Bilindiği gibi 31 Mart hadisesi Miladi takvime göre 13 Nisan 1909’a rastlanan 31 Mart 1325 günüdür.
Bu tarihte aslında, Sultan Abdulhamit'in tahtan alaşağı etme sürecidir.
Edirne’den (Balkanlardan), İstanbul’u kuşatmak üzere yola çıkan hareket ordusunun tarihi vakasından ibarettir.
Kaş yapayım derken, göz çıkarmaya çalışan bu olay; Sultan Abdülhamit’in üzerine bir darbe olayıdır.
Tıpkı cumhuriyet dönemindeki olup bitenler gibi…
Kışlayı kışkırtarak fesat ve bozgunculuk damarını uyandırarak “Meşrutiyet yerine şeriatı istiyoruz” diyenler, İstanbul’u kuşatmak üzere Edirne’den hareket ordusunu yola çıkarmak istemişler.
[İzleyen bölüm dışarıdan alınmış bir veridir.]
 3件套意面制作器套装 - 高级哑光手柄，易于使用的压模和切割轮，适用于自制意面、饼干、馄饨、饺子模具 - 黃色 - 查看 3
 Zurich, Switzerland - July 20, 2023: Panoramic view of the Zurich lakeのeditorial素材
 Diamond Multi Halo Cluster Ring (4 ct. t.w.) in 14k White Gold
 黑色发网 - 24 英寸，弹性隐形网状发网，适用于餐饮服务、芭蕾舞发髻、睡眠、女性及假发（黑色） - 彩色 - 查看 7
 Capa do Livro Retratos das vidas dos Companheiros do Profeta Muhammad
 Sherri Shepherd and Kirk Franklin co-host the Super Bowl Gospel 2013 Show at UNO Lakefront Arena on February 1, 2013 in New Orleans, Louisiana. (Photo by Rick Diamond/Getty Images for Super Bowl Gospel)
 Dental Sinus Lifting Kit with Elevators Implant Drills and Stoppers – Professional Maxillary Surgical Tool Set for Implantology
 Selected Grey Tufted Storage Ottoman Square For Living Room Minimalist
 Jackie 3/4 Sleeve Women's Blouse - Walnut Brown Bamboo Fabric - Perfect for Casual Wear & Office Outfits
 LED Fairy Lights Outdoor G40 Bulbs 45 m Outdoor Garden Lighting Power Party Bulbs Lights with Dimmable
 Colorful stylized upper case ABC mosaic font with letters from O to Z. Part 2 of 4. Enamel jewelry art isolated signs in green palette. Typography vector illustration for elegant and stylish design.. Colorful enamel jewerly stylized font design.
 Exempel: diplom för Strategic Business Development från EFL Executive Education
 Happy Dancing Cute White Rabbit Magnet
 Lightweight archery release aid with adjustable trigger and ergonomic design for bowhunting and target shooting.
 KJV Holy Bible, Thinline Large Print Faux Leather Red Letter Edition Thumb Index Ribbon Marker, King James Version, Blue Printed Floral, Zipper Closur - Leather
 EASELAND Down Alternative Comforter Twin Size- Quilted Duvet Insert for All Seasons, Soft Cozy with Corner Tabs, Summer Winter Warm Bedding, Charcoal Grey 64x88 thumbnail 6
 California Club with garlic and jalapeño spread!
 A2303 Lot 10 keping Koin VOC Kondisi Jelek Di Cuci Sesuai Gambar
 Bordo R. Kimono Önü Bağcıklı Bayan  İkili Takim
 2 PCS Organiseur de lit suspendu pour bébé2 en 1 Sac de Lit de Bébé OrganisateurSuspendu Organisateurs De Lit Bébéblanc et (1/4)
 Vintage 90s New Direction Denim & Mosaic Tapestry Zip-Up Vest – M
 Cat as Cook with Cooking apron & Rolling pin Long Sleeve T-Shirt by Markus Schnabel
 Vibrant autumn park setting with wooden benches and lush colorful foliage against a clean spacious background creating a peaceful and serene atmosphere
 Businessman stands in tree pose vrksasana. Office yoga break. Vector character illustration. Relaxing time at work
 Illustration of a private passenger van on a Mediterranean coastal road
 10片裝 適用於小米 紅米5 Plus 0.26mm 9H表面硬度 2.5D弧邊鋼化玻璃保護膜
Bediüzzaman ve onun gibi dönemin büyük ulema kesimleri, bu kışla askerlerine ikna edici nasihatler vererek, durmalarına sebep oldukları halde, İttihat Terakki Cemiyeti tarafından kurulan olağanüstü örfi idare mahkemelerinde yargılanmışlardır.
İftiraya uğramışlar ve birçok âlim, ileri gelen insanlar, idam edilmiştir.
Sıra Bediüzzaman’a gelmiş.
Bediüzzaman’dan sormuşlar.
“Sen de şeriatı istemişsin?”
“Evet, ben Şeriat-ı Ğarrayı Ahmediye’nin tek bir hakikatine bin ruhum olsa feda etmeye hazırım.
Ama bu ihtilalciler gibi değil.
İhtilalcilerin istekleri bahanedir, gerçek manada şeriat değildir.
Osmanlıyı yıkmak, Padişahı yıkmak, Sultan Abdülhamit’i tahttan indirmektir ve hilafet devletini de tarihten silmektir.
Bu ise İngilizlerin hileli politikası vasıtasıyla gerçekleştirilmiş olaylardır.
Biz ise o manada değil, gerçekten şeriatın ve İttihad-ı Muhammedi’nin birer fedaileri olarak yola çıktık, kışla askerlerini tüm zabitleriyle beraber ikna etmeye çalıştık ve o harekâtı durdurduk”
Böylece Üstat idam edilmekten beraat ederek, o büyük fitneden kurtulmuş oluyor.
Burada özetlemek gerekirse, sohbetimizin başından sonuna kadar anlatmaya çalıştığım gerçek şudur;
Toplumlar, özellikle İslam toplulukları ne yaparlarsa yapsınlar…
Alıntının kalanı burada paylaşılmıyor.